(Beginning of DATASET EXCERPTS)
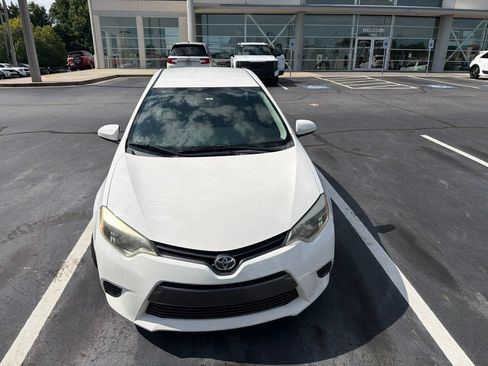 Used 2016 Toyota Corolla LE FWD image 2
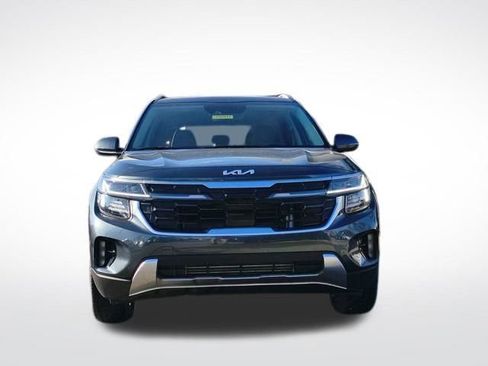 Certified 2024 Kia Seltos SX w/ SX Sunroof Package image 14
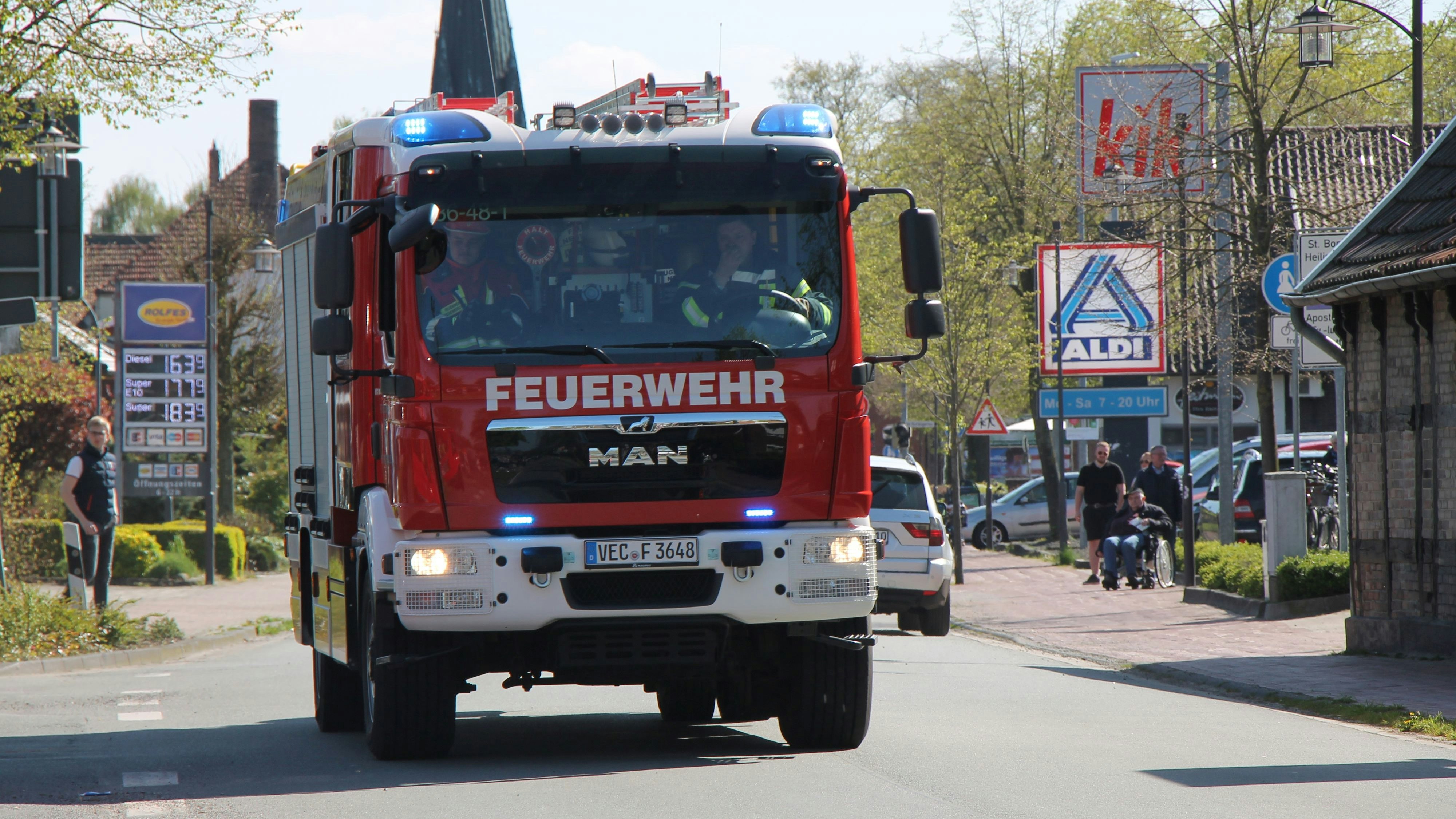 Und wieder heulen die Sirenen: Das Wochenende in Neuenkirchen stand ganz im Zeichen der Feuerwehr. Foto: Oevermann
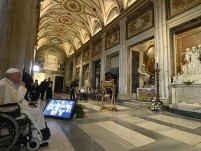 ĐTC chủ sự kinh Mân côi trọng thể cầu nguyện cho hòa bình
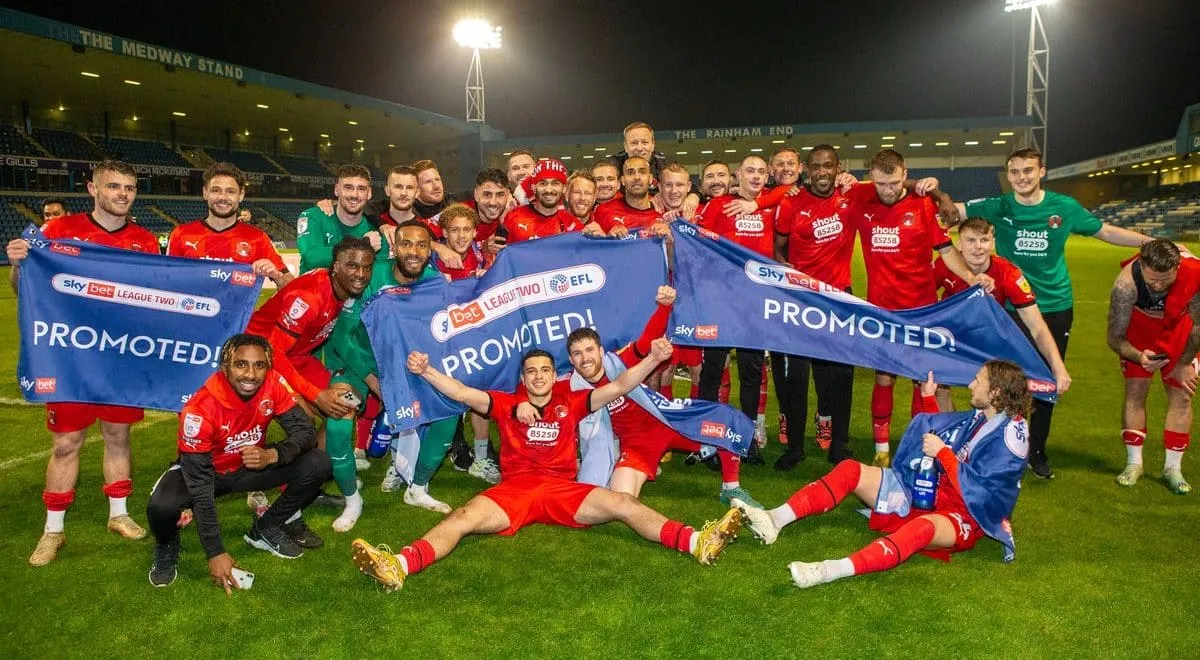 O Leyton Orient se reergue de tempos dif&iacute;ceis e, depois de oito anos, volta &agrave; terceirona do Campeonato Ingl&ecirc;s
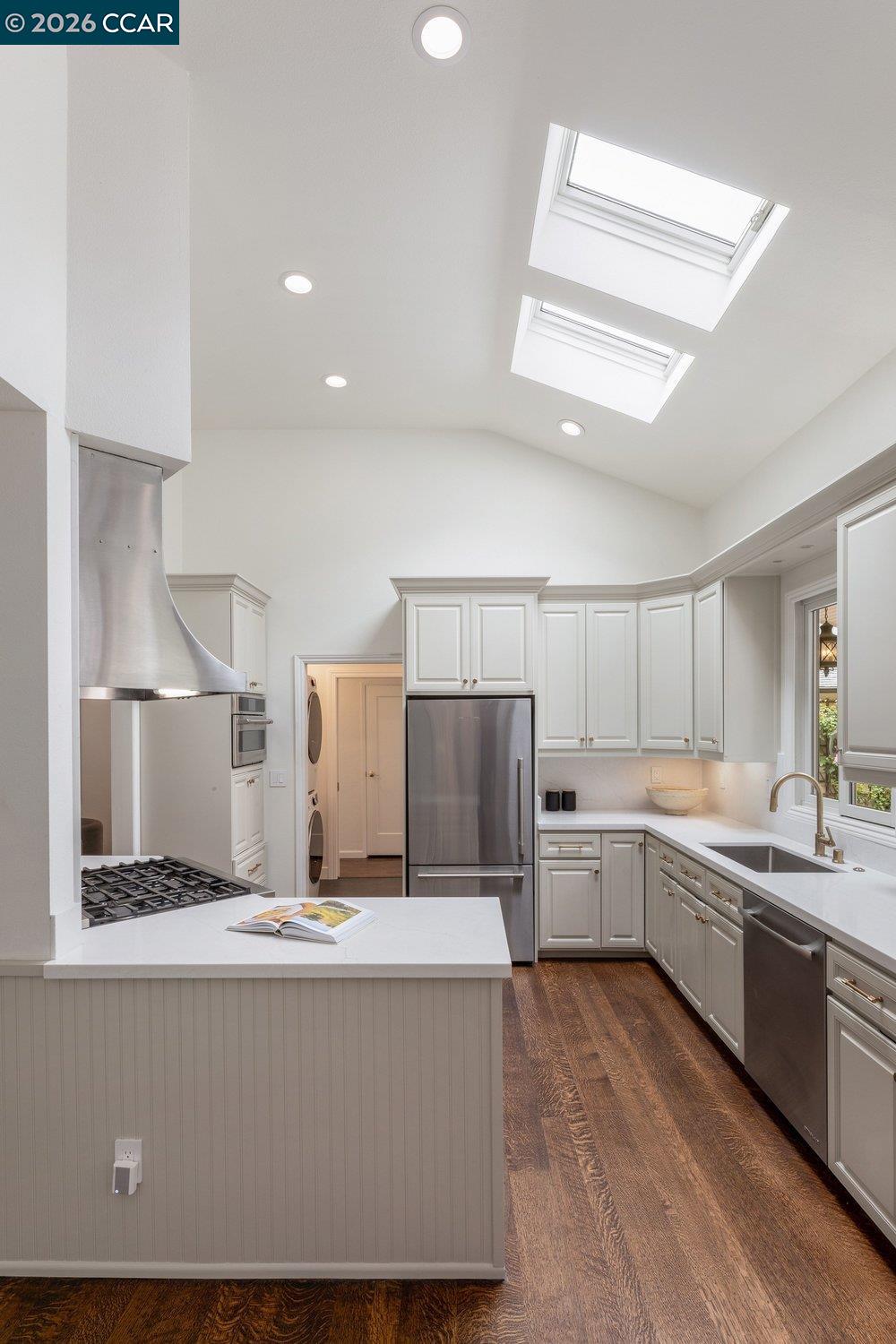 187 Moraga Way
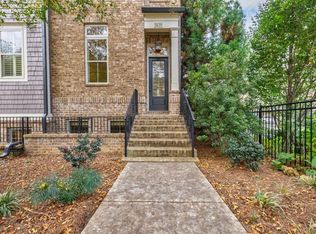 2438 Gatebury Cir, Chamblee, GA 30341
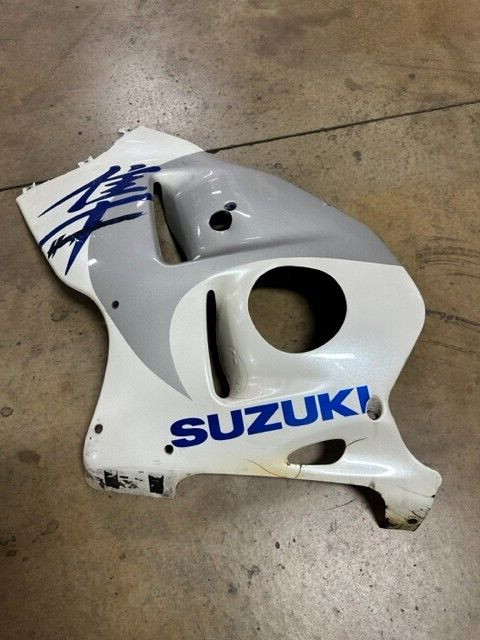 1999-2007 Suzuki Hayabusa Left Side Fairing USED-OEM WHITE AND SILVER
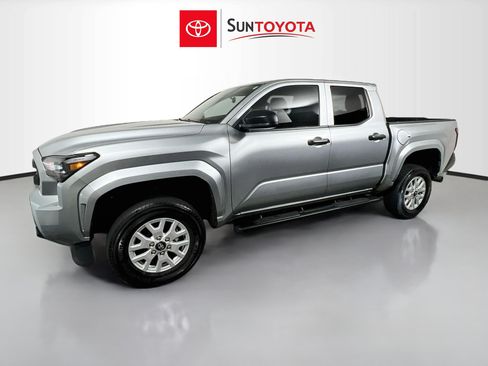 Used 2024 Toyota Tacoma SR AWD/4WD image 9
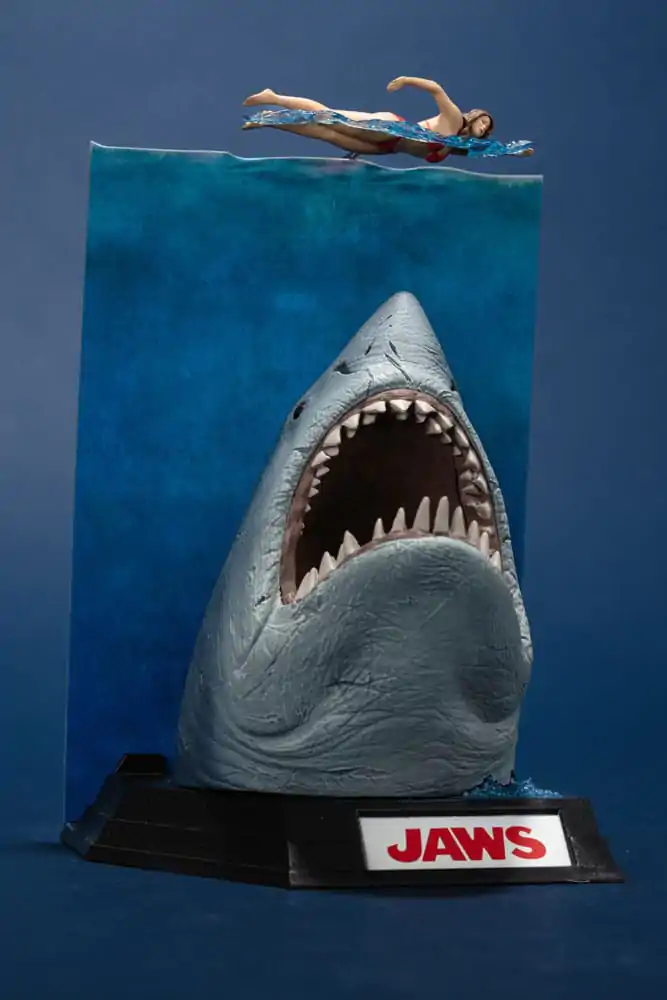 Jaws Movie Maniacs PVC soška Jaws (50th Anniversary) 16 cm produktová fotografia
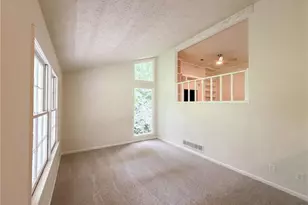 6486 Lynn Dale Ln, Morrow, GA 30260 - Photo 9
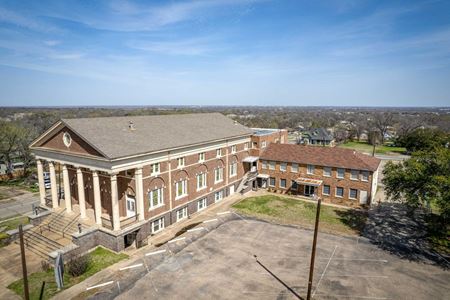 Commercial space for Sale at 925 North 18th Street in Waco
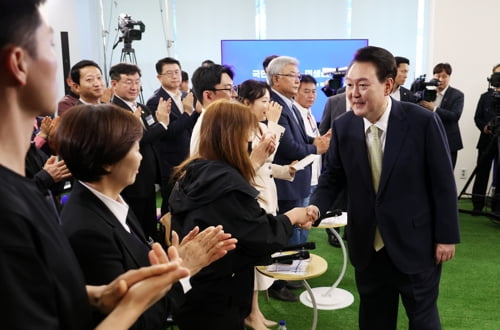 윤석열 대통령이 14일 서울 중구 서울고용복지플러스센터에서 열린 스물다섯번째 '국민과 함께하는 민생토론회'에 입장하며 참석자들과 악수하고 있다. 사진=연합뉴스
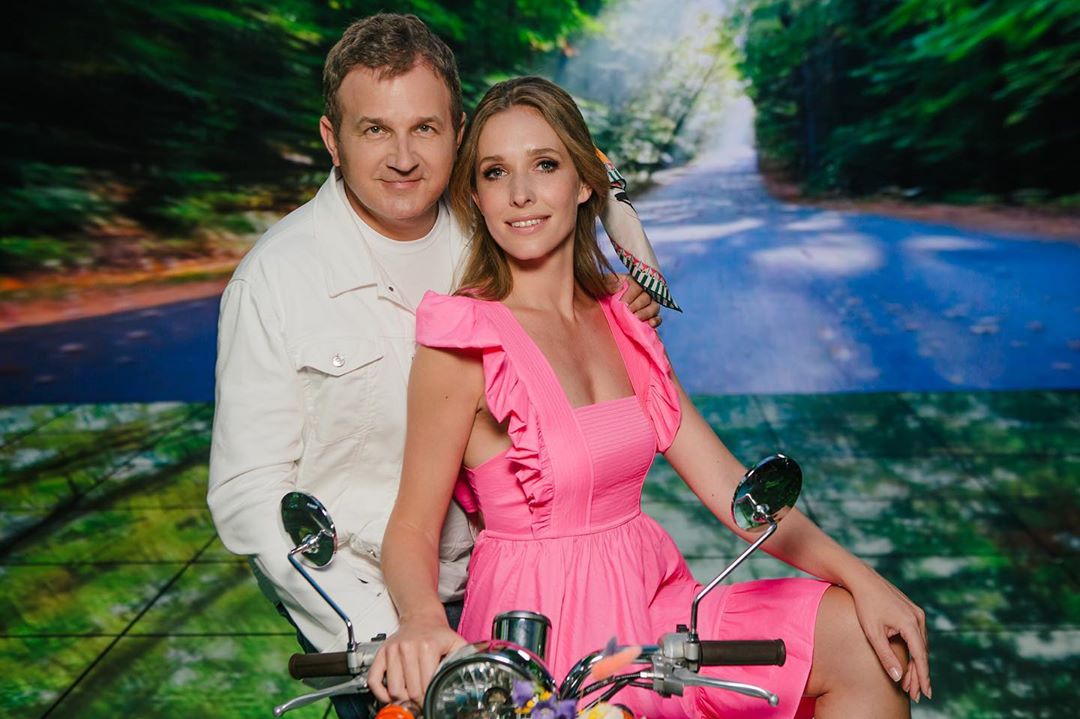 Такие милые: Юрий Горбунов растрогал сеть нежным фото с Катей Осадчей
(End of DATASET EXCERPTS)
Reproduce every line of the data above, exactly as it stands, but not the pictures.

 Used 2016 Toyota Corolla LE FWD image 2
 Certified 2024 Kia Seltos SX w/ SX Sunroof Package image 14
 Und wieder heulen die Sirenen: Das Wochenende in Neuenkirchen stand ganz im Zeichen der Feuerwehr. Foto: Oevermann
 ĐTC chủ sự kinh Mân côi trọng thể cầu nguyện cho hòa bình
 O Leyton Orient se reergue de tempos dif&iacute;ceis e, depois de oito anos, volta &agrave; terceirona do Campeonato Ingl&ecirc;s
 187 Moraga Way
 2438 Gatebury Cir, Chamblee, GA 30341
 1999-2007 Suzuki Hayabusa Left Side Fairing USED-OEM WHITE AND SILVER
 Used 2024 Toyota Tacoma SR AWD/4WD image 9
 Jaws Movie Maniacs PVC soška Jaws (50th Anniversary) 16 cm produktová fotografia
 6486 Lynn Dale Ln, Morrow, GA 30260 - Photo 9
 Commercial space for Sale at 925 North 18th Street in Waco
 윤석열 대통령이 14일 서울 중구 서울고용복지플러스센터에서 열린 스물다섯번째 '국민과 함께하는 민생토론회'에 입장하며 참석자들과 악수하고 있다. 사진=연합뉴스
 Такие милые: Юрий Горбунов растрогал сеть нежным фото с Катей Осадчей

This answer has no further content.